-------- Data to use --------

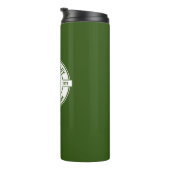 Bouteilles Isothermes Parc provincial de Skagit Valley Sun Trees (Tourné sur la droite)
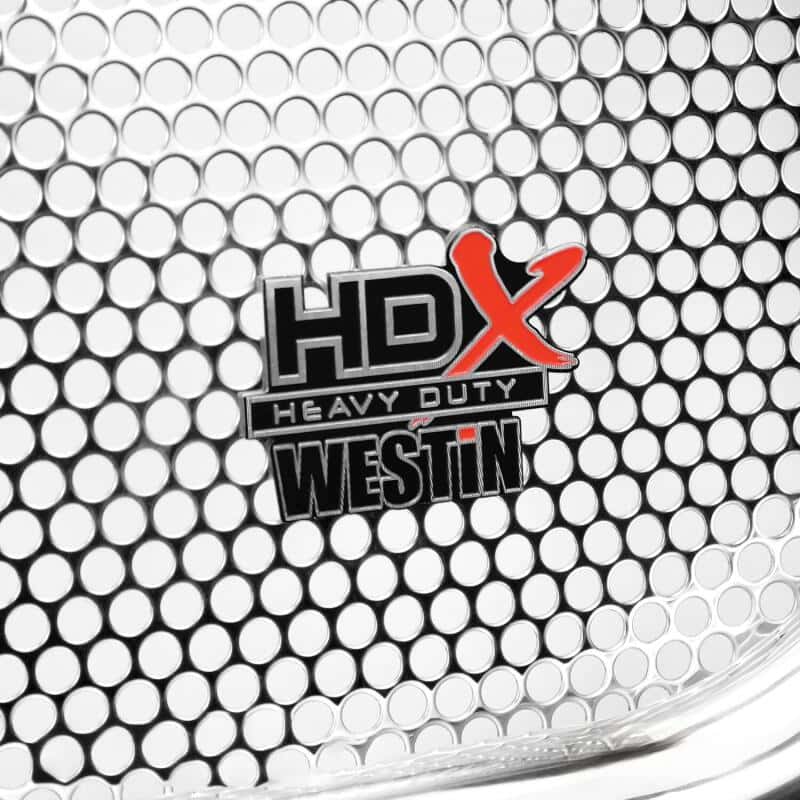 Westin — Westin 2010-2018 Ram 25/3500 HDX Grille Guard - SS
Grille Guard - view 5
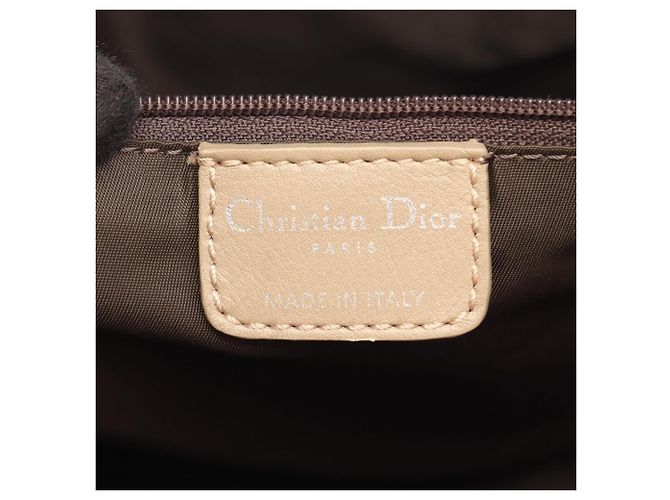 Bolso Christian Dior Dior Trotter - vista 4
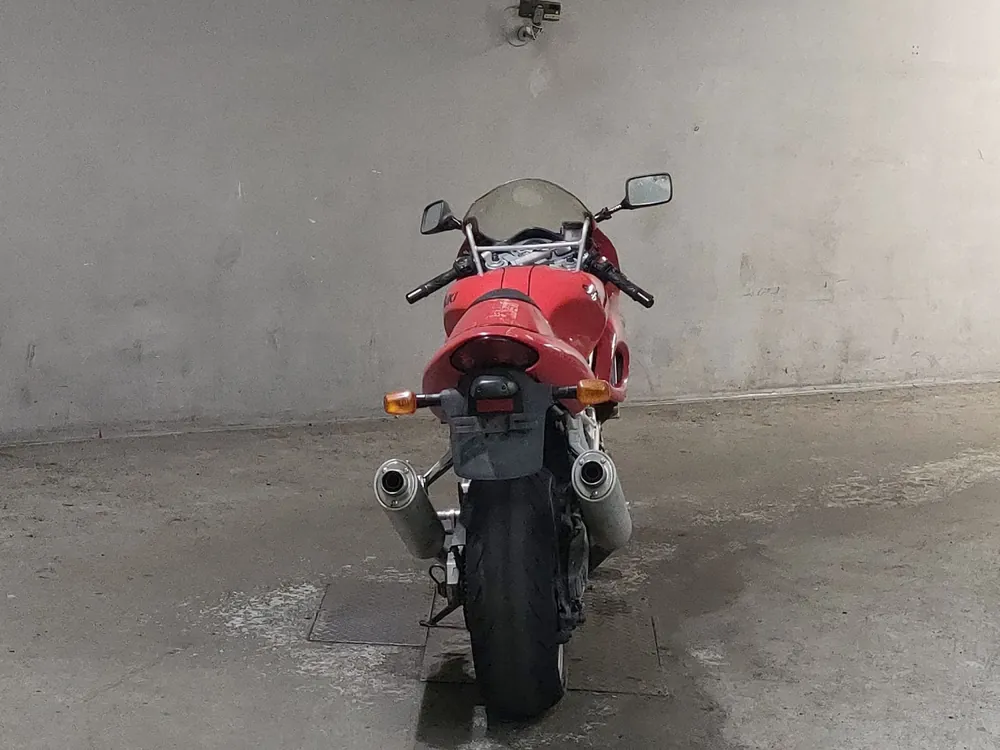 Suzuki TL1000S из Японии, фото 4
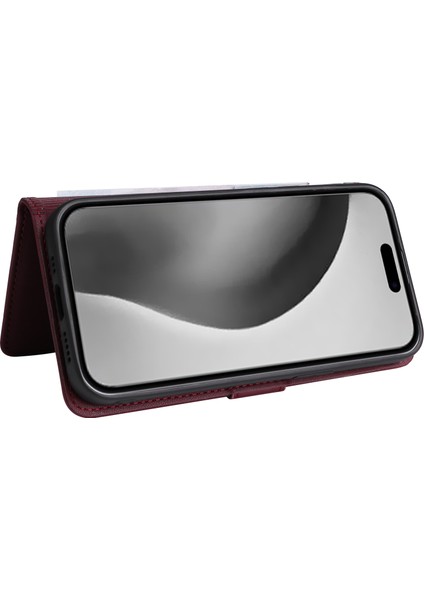 Apple iPhone 16 Pro Max Telefon Kılıfı (Yurt Dışından)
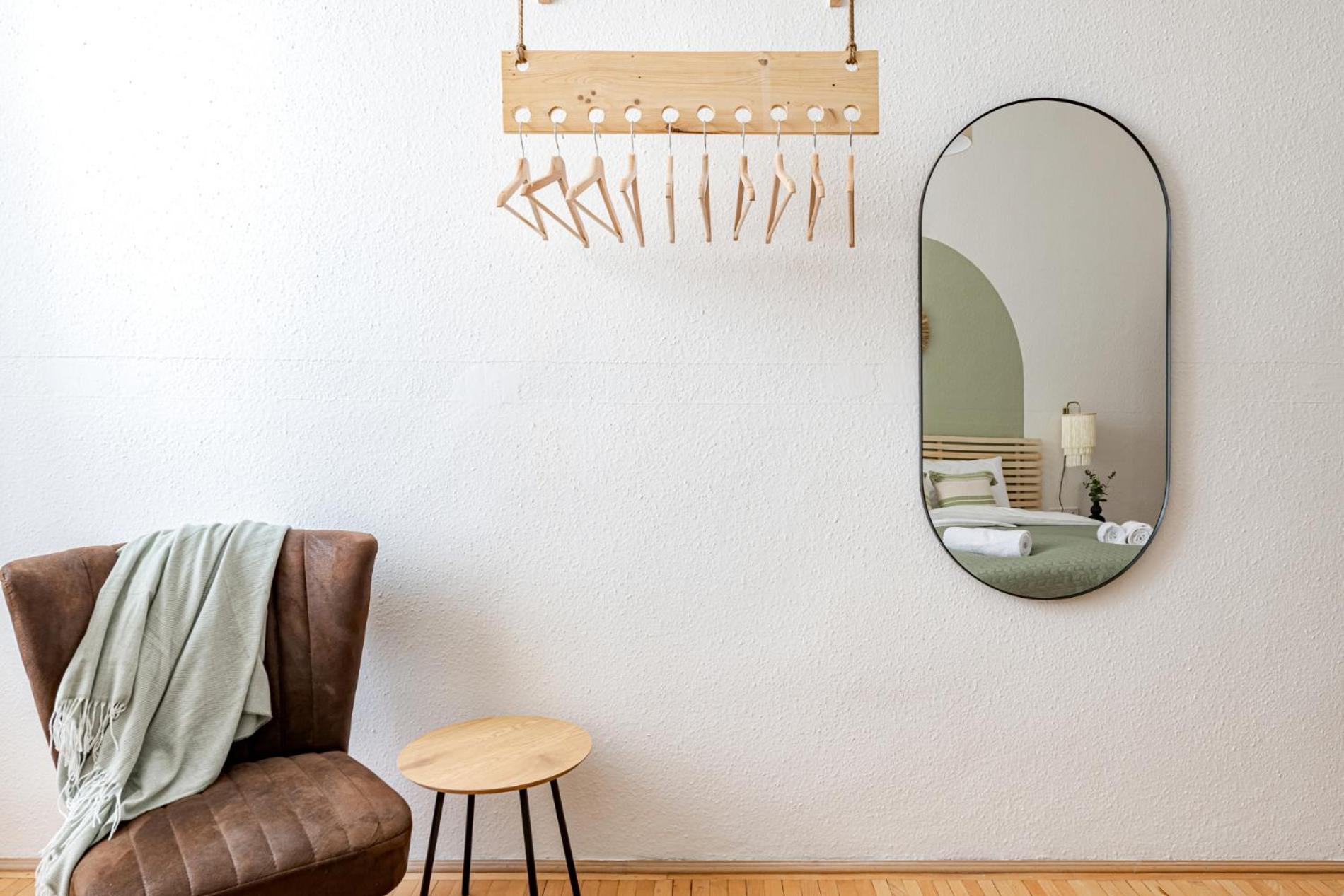 Blue Peace Downtown Apartment Budapest Luaran gambar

--------

§ **Your goal**:
Starting with the line that contains "Grille Guard - view 5", repeat each line exactly through the last line of the data above, and nothing more; the pictures stay out.

§ **Result of the task**:
Grille Guard - view 5
 Bolso Christian Dior Dior Trotter - vista 4
 Suzuki TL1000S из Японии, фото 4
 Apple iPhone 16 Pro Max Telefon Kılıfı (Yurt Dışından)
 Blue Peace Downtown Apartment Budapest Luaran gambar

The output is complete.